Tremmell Darden: “Any time there’s a very serious threat somewhere, the U.S. embassy sends out an alert advising us not to go to certain areas because they’ve received some kind of information that there’s a possibility that something could happen. A lot of times, they are pretty thorough. What happened in Ankara, the alert came out from the embassy and it ended up being an attack in that area. They also said something could happen in Taksim (an area in Istanbul) and something did. There’s an eating place we would go to in Taksim, but on that particular week when the alert came out after a game, we said, ‘We won’t be going there this time’. We just follow the directions that we’re given.”
Donald Sims: “Me and my teammates went to see the new Batman movie, but we went to Antwerp to do that. We didn’t do that in Brussels, which is what we would normally do. I guess we’re taking precautions.”
Ricky Hickman: “I’m pretty sure some guys have privately thought about leaving. When you sign a contract, you’re here to do a job and it’s difficult to walk away from that. But if staying doesn’t feel right in your heart and want to go back to your family, I can understand people leaving.”
Ben McCauley: “The atmosphere on the team changes a little bit after an attack happens, but we have to continue to work and do our job. We’re still here to play basketball, but of course we talk about it and make sure we share the information we have.”
Gerald Robinson Jr: “No one on our team thought about leaving, but I know that a player for an opposing team didn’t travel because he didn’t want to play in Paris.”
Donald Sims: “My first game after the attack was the same. If anything, it was a relief to hit the court and see the fans. That kind of takes it off your mind a little bit. You’re reminded about why you came over here to play the game.”
Ben McCauley: “I haven’t heard from other players about leaving. You have to consider it’s almost April and the focus is on finishing the season strong the last two months. Had it happened in November, maybe we could talk about going to another team or a different country.”

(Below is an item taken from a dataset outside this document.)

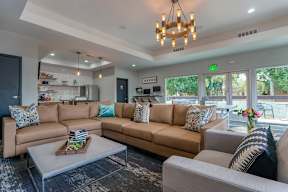 A living room with a brown couch and a coffee table.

Gerald Robinson Jr: “It didn’t affect my play. Basketball is actually the time where you can be free and you can forget about all the things that are going on. It’s like a safe haven where you can go out there and live in the moment.”
Ben McCauley: “If the terror attacks continue in the summer when I’m home, if it gets worse… You might think about it before returning here. It it’s just one time, it’s over and the safety is OK, I have no problem coming back here.”
Ricky Hickman: “If people pass on playing on Turkey, that’s on them. I’m not going to tell anybody that’s not the right thing to do because you’re responsible for your own safety. If you feel you’re in danger, you’re not going to be comfortable and basketball is probably not going to be priority No. 1.”
Tremmell Darden: “Things are happening all over the world. It’s not just one particular area. Things are happening in America and other countries. The threat is going to be there wherever you go. If you love the game of basketball, you don’t have to worry about those things.”
Geralrd Robinson Jr: “You have to think you have to continue with your normal life. The only thing you want to do is really pray and have faith that everything is going to be OK. Because that’s the reason that attacks happen – to push fear into people’s hearts.”